Extracted information:
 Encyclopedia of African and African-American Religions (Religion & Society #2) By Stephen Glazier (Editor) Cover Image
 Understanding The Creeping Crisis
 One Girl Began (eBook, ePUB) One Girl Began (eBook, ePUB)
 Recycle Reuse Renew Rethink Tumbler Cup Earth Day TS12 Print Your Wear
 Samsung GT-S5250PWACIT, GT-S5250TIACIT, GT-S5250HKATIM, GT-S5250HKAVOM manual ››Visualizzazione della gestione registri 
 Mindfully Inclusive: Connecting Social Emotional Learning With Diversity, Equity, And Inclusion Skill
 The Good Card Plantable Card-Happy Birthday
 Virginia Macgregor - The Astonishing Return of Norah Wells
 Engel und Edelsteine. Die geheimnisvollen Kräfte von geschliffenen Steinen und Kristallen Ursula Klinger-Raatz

==

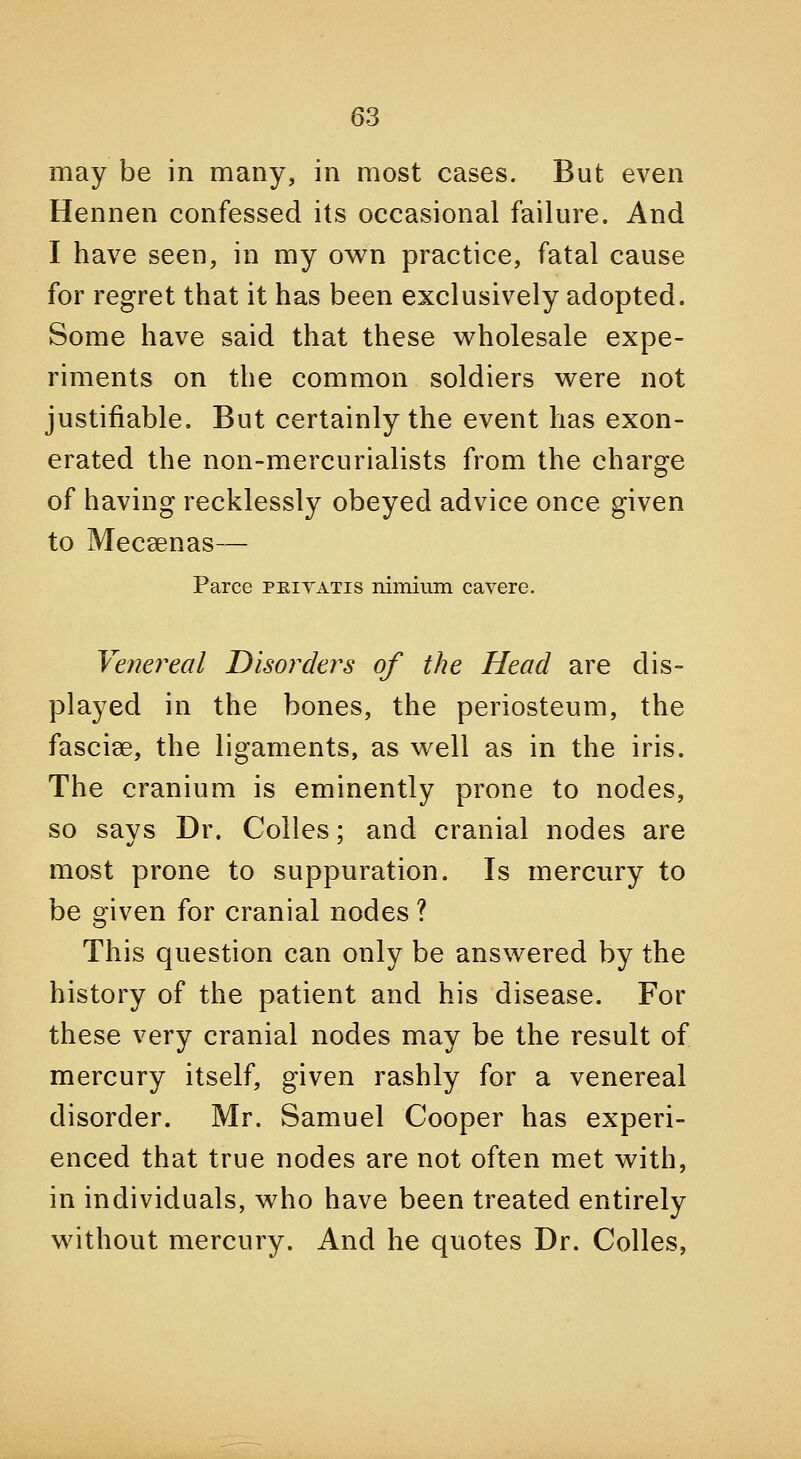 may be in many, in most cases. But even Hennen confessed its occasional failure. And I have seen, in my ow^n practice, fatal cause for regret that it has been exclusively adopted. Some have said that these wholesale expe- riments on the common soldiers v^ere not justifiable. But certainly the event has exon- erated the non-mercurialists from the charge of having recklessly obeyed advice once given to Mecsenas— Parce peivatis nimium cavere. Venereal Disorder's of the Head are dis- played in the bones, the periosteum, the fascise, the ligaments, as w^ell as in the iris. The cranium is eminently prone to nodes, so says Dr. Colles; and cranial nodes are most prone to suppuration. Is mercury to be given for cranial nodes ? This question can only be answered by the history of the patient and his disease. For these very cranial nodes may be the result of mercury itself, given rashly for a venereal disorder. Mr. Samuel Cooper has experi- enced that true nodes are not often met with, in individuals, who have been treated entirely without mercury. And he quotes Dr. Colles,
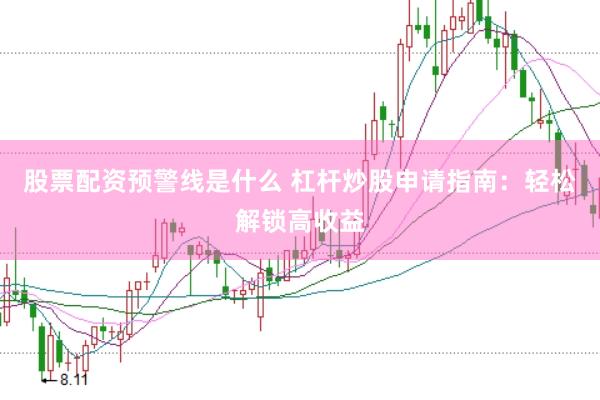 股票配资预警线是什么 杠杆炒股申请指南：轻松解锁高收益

==

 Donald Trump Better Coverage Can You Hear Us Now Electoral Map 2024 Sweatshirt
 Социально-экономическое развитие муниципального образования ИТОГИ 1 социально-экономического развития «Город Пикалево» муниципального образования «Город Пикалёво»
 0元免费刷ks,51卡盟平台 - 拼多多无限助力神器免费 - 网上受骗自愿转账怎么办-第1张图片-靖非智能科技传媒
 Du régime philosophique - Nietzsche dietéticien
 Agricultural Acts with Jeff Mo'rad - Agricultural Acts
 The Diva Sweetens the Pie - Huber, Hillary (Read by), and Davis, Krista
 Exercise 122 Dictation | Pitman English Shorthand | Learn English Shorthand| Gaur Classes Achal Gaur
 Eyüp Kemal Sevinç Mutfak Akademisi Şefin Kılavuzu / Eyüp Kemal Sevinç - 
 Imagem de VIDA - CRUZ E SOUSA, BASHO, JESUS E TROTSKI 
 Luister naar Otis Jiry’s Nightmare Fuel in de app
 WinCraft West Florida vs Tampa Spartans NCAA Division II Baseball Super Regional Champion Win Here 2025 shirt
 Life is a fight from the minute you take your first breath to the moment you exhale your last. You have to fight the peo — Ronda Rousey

Problem:
The lines above from the one containing "Agricultural Acts with" through the one containing "Luister naar Otis" are to be set down exactly, and no others.

Output for this exercise:
 Agricultural Acts with Jeff Mo'rad - Agricultural Acts
 The Diva Sweetens the Pie - Huber, Hillary (Read by), and Davis, Krista
 Exercise 122 Dictation | Pitman English Shorthand | Learn English Shorthand| Gaur Classes Achal Gaur
 Eyüp Kemal Sevinç Mutfak Akademisi Şefin Kılavuzu / Eyüp Kemal Sevinç - 
 Imagem de VIDA - CRUZ E SOUSA, BASHO, JESUS E TROTSKI 
 Luister naar Otis Jiry’s Nightmare Fuel in de app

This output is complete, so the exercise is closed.